L’ultima frontiera è quella sui pazienti psichici non in fase terminale e la Dichiarazione dei Fratelli della Carità ha posto l'accento su un terreno particolarmente caldo, suscitando reazioni diverse.
Per questo, spiega al Sir padre Tommy Scholtes, portavoce della Conferenza episcopale del Belgio, i vescovi hanno ritenuto necessario pubblicare una nota ufficiale per chiarire quanto da sempre affermato e cioè che “l’eutanasia non è la scelta della Chiesa. La scelta della Chiesa sono le cure palliative. Non ci sono ragioni che possano condurre alla eutanasia i malati psichici anche se si trovano al termine di ogni trattamento possibile”.
Padre Scholtes spiega che in Belgio l’eutanasia è autorizzata dalla legge, per ragioni sia di fine di vita ma anche per casi di sofferenze anche psicologiche insopportabili.
Una via che la Chiesa non può accettare in nessun caso. E visto che nel Paese sono molti gli ospedali e case di cura gestite da congregazioni religiose, il portavoce dei vescovi belgi rivendica “la libertà di coscienza” per tutti i cittadini e “l’obiezione di coscienza” dei medici che “permette loro di opporsi ad una richiesta”.

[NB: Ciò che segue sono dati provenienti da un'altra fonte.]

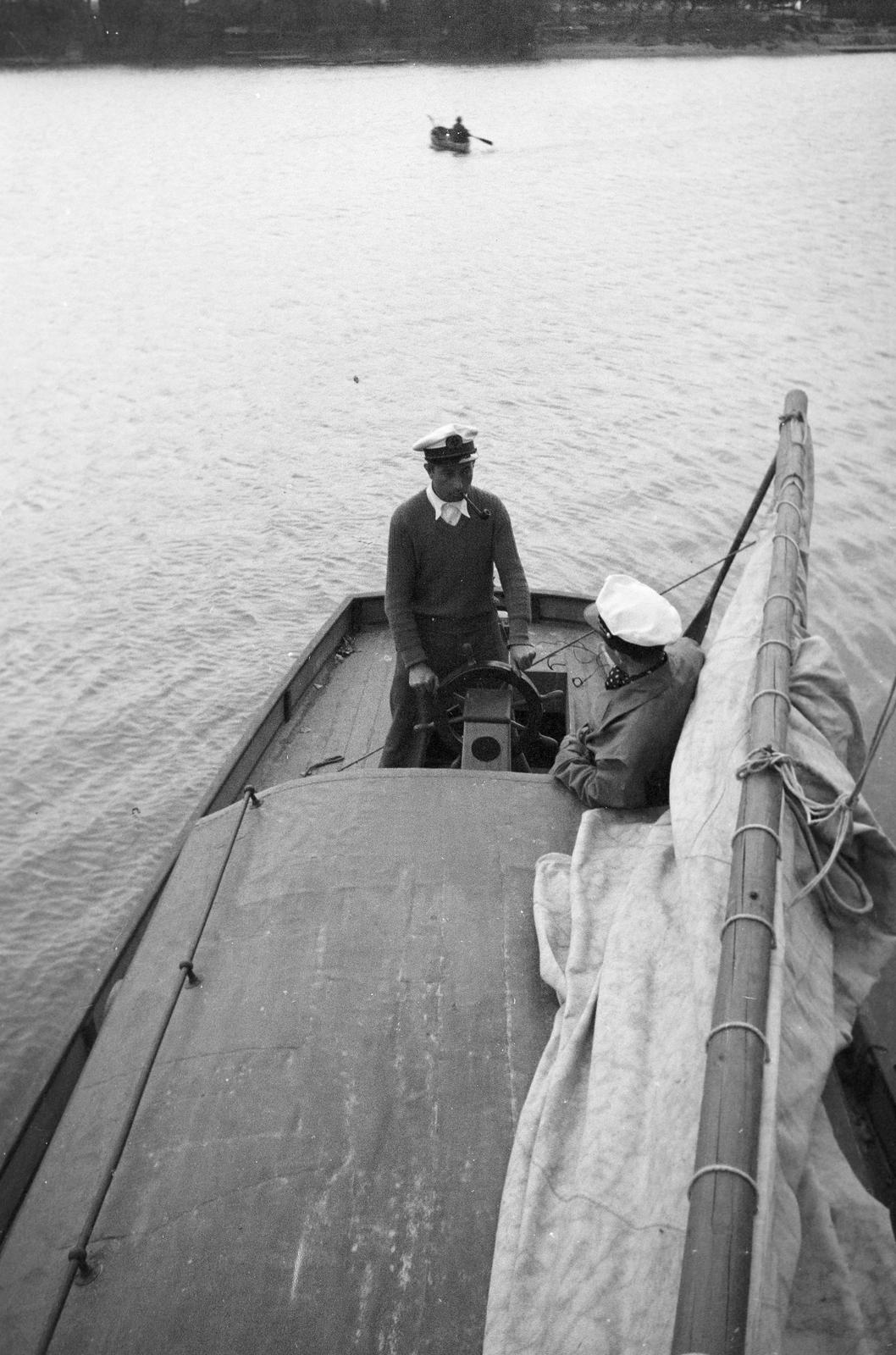 Magyarország, Budapest XI., Lágymányosi-öböl, téli kikötő. Négy vállalkozó szellemű fiatalember az Albatros vitorlással világkörüli útra indul. Azt tervezték, hogy Budapestről indulva Borneóig vitorláznak., 1937, Inkey Tibor, Budapest, Fortepan #306258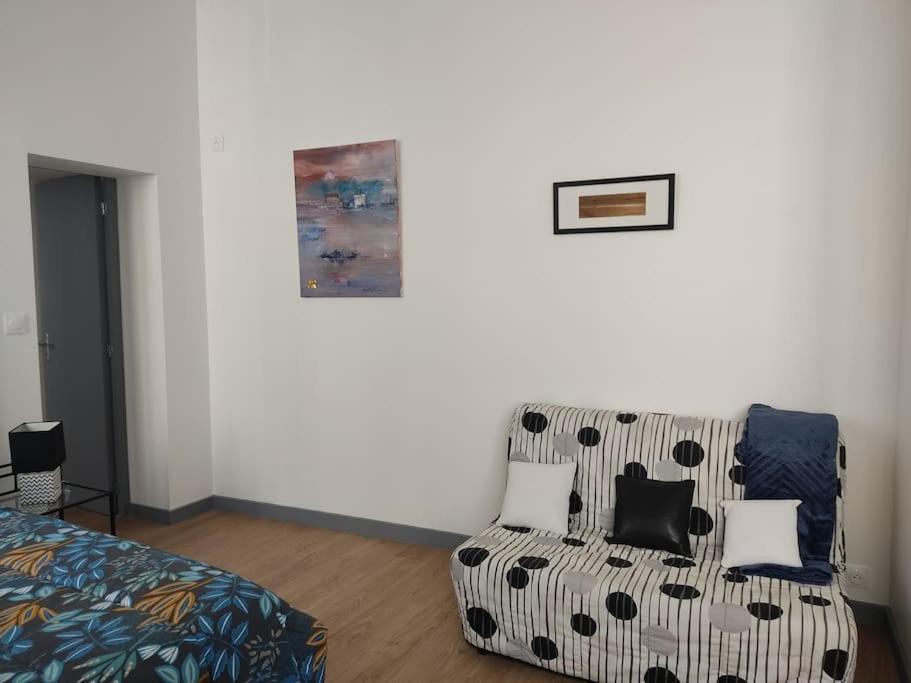 Appartement Avec Parking Prive Saumur Exterior foto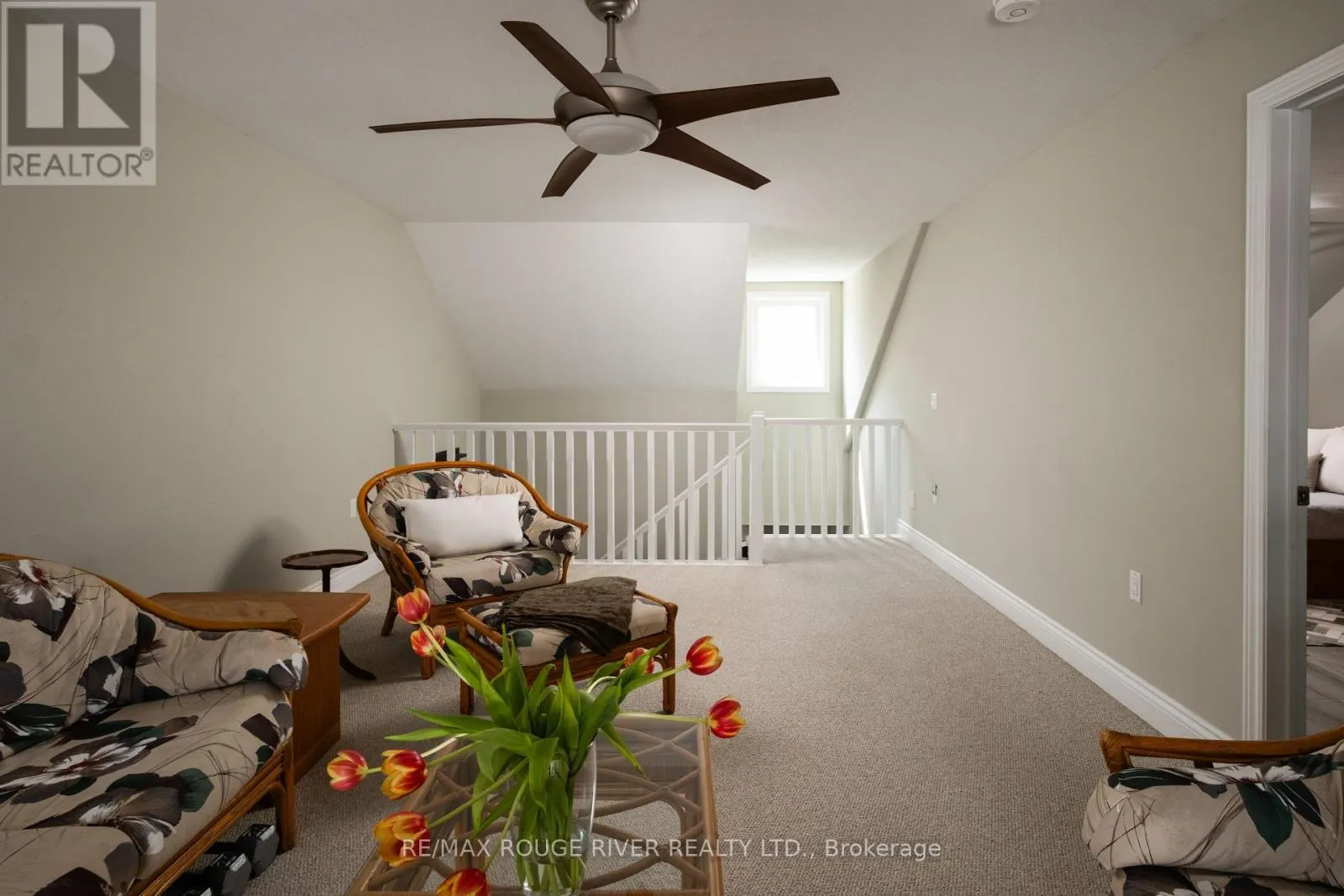 403 - 120 UNIVERSITY AVENUE E, #403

“Il nostro punto di vista – spiegano i vescovi nella nota – non significa che vogliamo abbandonare la persona nella sofferenza. Siamo coscienti che la sofferenza psichica può essere immensa e che una persona può trovarsi totalmente disperata e senza prospettive. Ma è proprio in questa situazione che dobbiamo rimanerle vicino e non abbandonarla”.
Nella nota viene auspicato un più accurato ricorso alle cure palliative.
La questione eutanasia apre a una serie di “domande fondamentali” sulla vita e sulla società.
Sono interrogativi - sottolineano i vescovi - che attraversano non solo le Chiese cristiane ma “sono oggetto di un dibattito pubblico”: “che cosa ci rende umani? che cosa costituisce una società umana? Cosa serve veramente il progresso?”.
E concludono invitando tutti alla moderazione e al prosieguo di un dialogo serio su temi delicati come l'eutanasia e il fine vita.